Five terminal windows. Five AI agents. One git repository. Nine total in the fleet, but five were enough to break everything.

The orchestrator dispatches four stories in parallel. Each agent checks out a feature branch and starts building. The plan looks great on paper.

Then agent A runs git checkout fix/budget-enforcement. Agent B, thirty seconds later, runs git checkout fix/retry-engine. Both agents share a filesystem. B's checkout just moved A to the wrong branch.

Agent A doesn't notice. It keeps editing, keeps committing. On the wrong branch. Agent C's changes land in Agent D's pull request. Backup files appear in the wrong commits. Four PRs, all contaminated.

That was a Tuesday.

Shared Filesystems Will Betray You

This is the first lesson: parallel agents that share a filesystem will corrupt each other's work.

git checkout changes the working tree for the entire directory.

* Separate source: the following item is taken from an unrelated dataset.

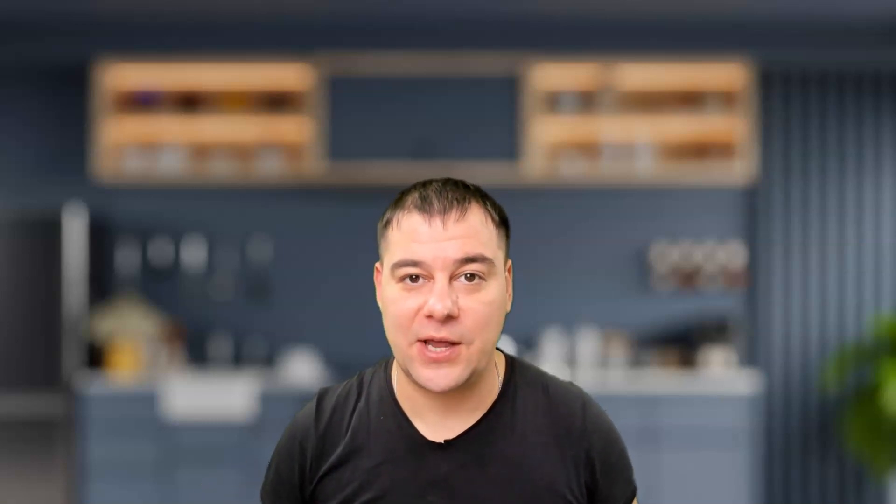I want to share with you today responsive themes from CyberChimp. So let's dig deeper and stay tuned till the end of this video.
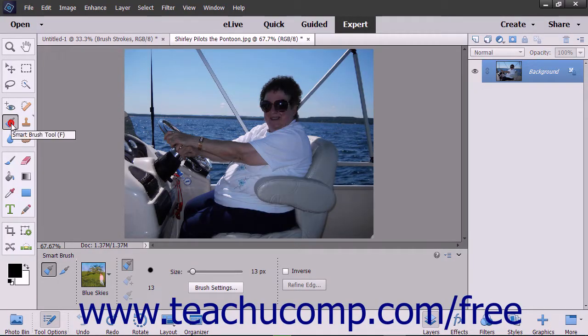The Smart Brush tools let you apply a wide range of effects selectively by brushing across your image. There are 50 preset effects from which to choose for adjusting color and tone, creating effects, and touching up details.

If two processes share that directory, one process's branch switch is the other's state corruption. There's no per-process isolation at the OS level.

We learned this with four agents working different stories in the same repository. All four PRs needed reconstruction. Two required cherry-picks and force-pushes. Thirty minutes of cleanup for a sprint that was supposed to save time.

The rule is non-negotiable now: one agent per repository at a time. Two stories in the same repo run sequentially. Need parallelism? Use separate git worktrees, each with its own HEAD. Cross-repo work can parallelize safely. Same-repo work cannot.

Your Coordination Layer Will Fail

The second lesson: the thing that lets your agents talk to each other will break, and your agents need to handle it gracefully.

Our agents coordinate through CacheBash, an MCP server running on Cloud Run with Firestore persistence. The server tracks sessions in memory. Cloud Run is serverless. When the instance recycles (unpredictably, sometimes every 20 minutes under light load), all in-memory session state vanishes.

The agents don't crash. They lose the ability to communicate. Every MCP tool call returns the same error: Session not found. The orchestrator can't dispatch. The builder can't report. The relay goes dark.

This happened three times in one afternoon.

The workaround: a REST API fallback. When an agent detects the session-death error code, it switches transport for the rest of the session. Not elegant. Works. The permanent fix (moving session state to the database) is architectural work that takes planning. The fallback bought months of stability while that work got scoped.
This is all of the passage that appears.